Efforts to find a job have not been rewarding in a country with an unemployment rate of 20% according to the Zimbabwe National Statistics Agency (ZIMSTAT).
Trade unions have disputed the figure and argue that it hovers between 70% and 80%.
“If our youth centres were functional, I would have opted to do some course while i am still job hunting. The challenge is that most of the courses offered at some of the youth centres are no longer appealing to young people,” says Ndiweni.
He is one of Bulawayo’s youths who are suggesting that youth centres be remodelled into information communication technology (ICT) hubs, a development they believe will cater for their needs.
Bulawayo has a total of 15 youth centres which have the potential of changing the lives of the youths in the city.
“Having these ICT hubs closer to home will ensure that there will be a decrease in drug and substance abuse as these youths will be empowered with computer skills and can search for opportunities online to better their lives,” said Debra Dlamini, from Nkulumane 5.
“Gone are the days when woodwork, needlework, drama and dance were appealing to young people,” added Dlamini.
Studies on countries that have fully embraced and invested in ICTs have recorded a decline in youth unemployment, drug and substance abuse cases and suicide cases.
This comes as the ICTs ministry was mandated by President Emmerson Mnangagwa to work on the SMART Zimbabwe 2030 Master Plan, which seeks to exploit the potential of ICTs in achieving an upper-middle-income economy by 2030.
This vision is predicated on, among others, building on the achievements of the Zimbabwe National Policy on ICTs of 2016 to 2020, which further strengthens Zimbabwe’s economic base and improves its economic environment for accelerated growth towards achieving a digital government, a digital economy, and a digital society by 2030.
Descent Collins Bajila, a youth advocate says: “If only there was a political will amongst our duty bearers these youth centres are a perfect source in stopping idleness amongst the youths”.

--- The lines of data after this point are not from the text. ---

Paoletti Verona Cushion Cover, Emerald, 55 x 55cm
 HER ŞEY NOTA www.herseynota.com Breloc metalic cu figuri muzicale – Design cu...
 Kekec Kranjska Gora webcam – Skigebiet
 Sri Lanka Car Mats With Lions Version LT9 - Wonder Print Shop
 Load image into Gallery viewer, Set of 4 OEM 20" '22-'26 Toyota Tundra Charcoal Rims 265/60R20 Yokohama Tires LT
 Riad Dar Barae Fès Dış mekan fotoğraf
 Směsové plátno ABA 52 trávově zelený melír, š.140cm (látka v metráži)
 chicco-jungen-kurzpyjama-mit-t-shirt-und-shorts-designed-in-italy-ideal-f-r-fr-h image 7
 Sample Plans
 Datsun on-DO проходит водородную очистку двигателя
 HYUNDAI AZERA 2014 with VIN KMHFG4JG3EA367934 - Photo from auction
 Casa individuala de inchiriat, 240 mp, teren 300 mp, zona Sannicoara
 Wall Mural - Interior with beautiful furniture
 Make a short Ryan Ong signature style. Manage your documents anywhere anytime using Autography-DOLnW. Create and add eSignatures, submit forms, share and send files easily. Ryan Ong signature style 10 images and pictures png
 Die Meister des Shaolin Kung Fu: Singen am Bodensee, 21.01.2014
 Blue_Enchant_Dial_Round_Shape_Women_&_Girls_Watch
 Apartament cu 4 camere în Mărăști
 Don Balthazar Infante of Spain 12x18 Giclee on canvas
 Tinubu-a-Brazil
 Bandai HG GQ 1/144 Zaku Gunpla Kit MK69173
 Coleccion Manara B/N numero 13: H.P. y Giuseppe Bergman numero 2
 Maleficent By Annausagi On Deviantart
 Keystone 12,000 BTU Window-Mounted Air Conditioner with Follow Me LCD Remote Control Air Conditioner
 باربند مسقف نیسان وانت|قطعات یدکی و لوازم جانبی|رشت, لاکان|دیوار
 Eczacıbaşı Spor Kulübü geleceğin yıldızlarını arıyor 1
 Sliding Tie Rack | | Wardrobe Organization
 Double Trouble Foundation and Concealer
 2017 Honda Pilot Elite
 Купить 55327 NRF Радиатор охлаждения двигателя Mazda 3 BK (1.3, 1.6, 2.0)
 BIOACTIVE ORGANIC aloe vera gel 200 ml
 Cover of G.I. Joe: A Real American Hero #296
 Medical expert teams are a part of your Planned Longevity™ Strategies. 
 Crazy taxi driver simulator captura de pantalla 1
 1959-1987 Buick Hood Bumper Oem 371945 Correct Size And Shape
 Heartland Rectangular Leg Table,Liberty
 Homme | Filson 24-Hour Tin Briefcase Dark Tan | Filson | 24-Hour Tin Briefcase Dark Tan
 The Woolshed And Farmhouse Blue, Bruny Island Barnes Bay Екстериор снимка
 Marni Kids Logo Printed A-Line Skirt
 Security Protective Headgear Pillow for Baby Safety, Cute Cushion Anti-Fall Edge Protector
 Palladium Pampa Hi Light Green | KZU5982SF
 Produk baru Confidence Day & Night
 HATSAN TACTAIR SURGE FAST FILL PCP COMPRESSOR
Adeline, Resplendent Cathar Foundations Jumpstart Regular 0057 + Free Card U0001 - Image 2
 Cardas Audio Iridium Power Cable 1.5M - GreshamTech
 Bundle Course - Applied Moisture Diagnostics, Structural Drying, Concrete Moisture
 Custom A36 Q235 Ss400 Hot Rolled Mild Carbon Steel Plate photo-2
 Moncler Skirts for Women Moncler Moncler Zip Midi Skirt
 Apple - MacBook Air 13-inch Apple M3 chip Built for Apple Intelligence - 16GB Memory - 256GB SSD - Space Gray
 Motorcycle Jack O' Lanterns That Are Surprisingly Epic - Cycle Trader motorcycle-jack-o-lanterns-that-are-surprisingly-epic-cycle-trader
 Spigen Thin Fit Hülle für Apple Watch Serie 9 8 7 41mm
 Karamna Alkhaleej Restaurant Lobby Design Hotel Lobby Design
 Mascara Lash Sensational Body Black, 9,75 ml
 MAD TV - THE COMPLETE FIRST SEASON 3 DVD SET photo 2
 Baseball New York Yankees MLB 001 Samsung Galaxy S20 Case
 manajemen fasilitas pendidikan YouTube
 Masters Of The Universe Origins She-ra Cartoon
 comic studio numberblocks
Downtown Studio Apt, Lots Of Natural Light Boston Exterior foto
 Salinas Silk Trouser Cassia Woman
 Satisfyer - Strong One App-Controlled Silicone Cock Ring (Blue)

“The government with the National Development Strategy 1 has pledged to ensure that everyone has access to the internet, this will help in fulfilling the Strategic Development Goals,” added Bajila.
Ward 9 Councilor Donaldson Mabutho said the Bulawayo City Council (BCC) was faced with financial constraints to upgrade the youth centres.
“As the city council, it is our wish that we revive these youth centres as they have the potential to curb drug and substance abuse, suicide and other social ills that affect the youth in our communities,” he said.
“However, at the moment the local authority’s coffers are dry; we have the refurbishment in the master plan but fall short on funding. We also wish to have mental health hubs in our locations so that our youths get treatment for mental health-related issues and these youth centres are a perfect place only if we get funding or donors to help us.”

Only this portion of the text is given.